KV Cache Recompute vs. Offload — When Does Each Win?
When your KV cache fills up during inference serving, you have two options: recompute the evicted KV entries from the prompt, or offload them to CPU memory and swap them back in when needed.
The conventional wisdom is “offload is always better because recompute wastes FLOPs.” In practice it’s more nuanced.
When recompute wins
Short to medium prompts (under ~4k tokens), high batch sizes, and GPU memory bandwidth that’s already saturated. The recompute cost scales with prompt length but the compute is fast on modern GPUs. The key advantage is predictable latency — you know exactly how long a recompute will take.

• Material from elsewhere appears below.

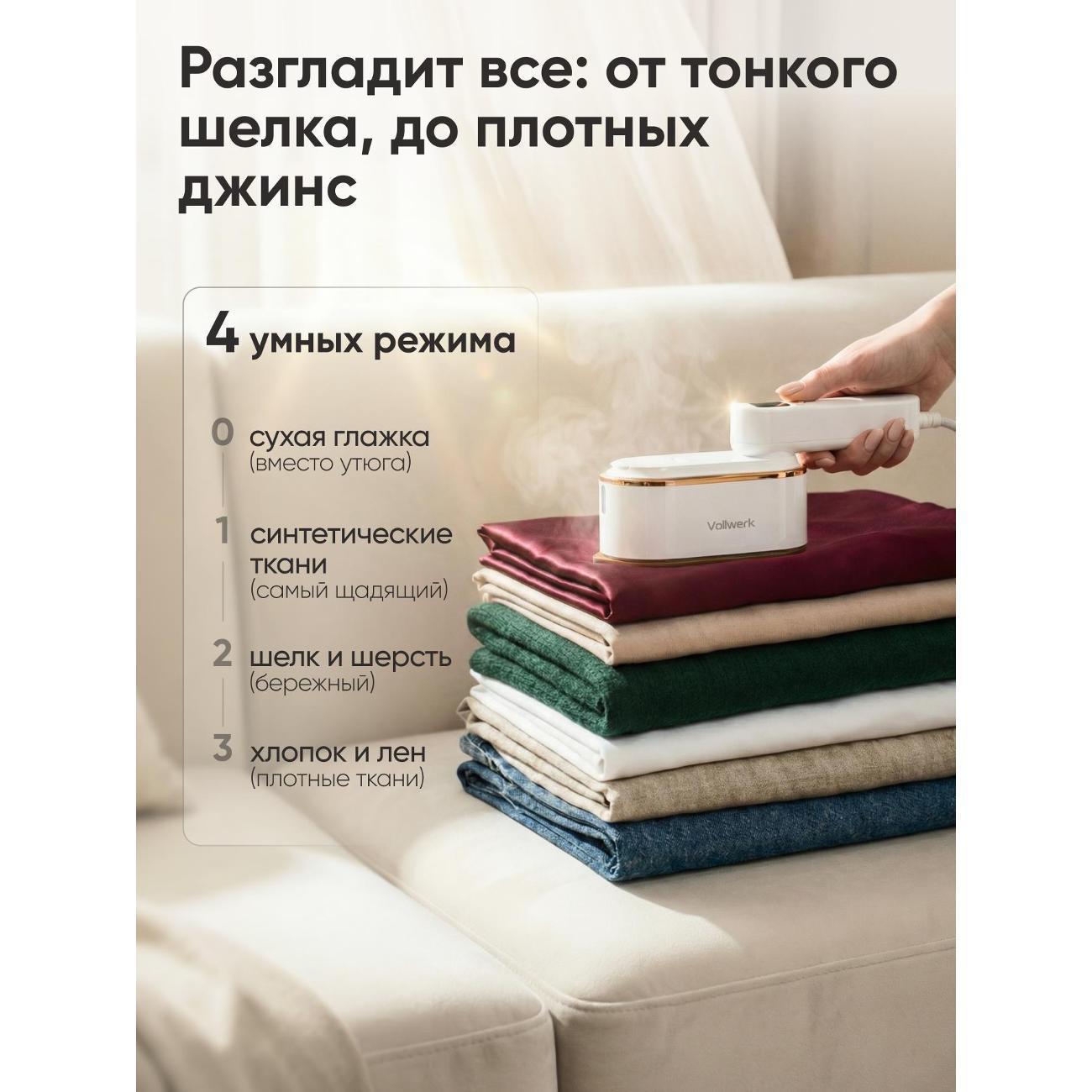 https://img.mvideo.ru/Big/400764363bb8.jpg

Offload latency depends on PCIe bandwidth and CPU memory pressure, both of which can be noisy in a multi-tenant cluster.
When offload wins
Long prompts (>8k tokens) where recompute cost is genuinely expensive. Also when you have dedicated PCIe bandwidth and aren’t sharing the bus with other I/O. On H200s with the wider memory bus, offload becomes more attractive because you can overlap the transfer better.
The practical answer
For serving workloads, I default to recompute and only switch to offload after benchmarking the specific model and prompt distribution. Recompute is simpler operationally — fewer failure modes, easier to reason about tail latency.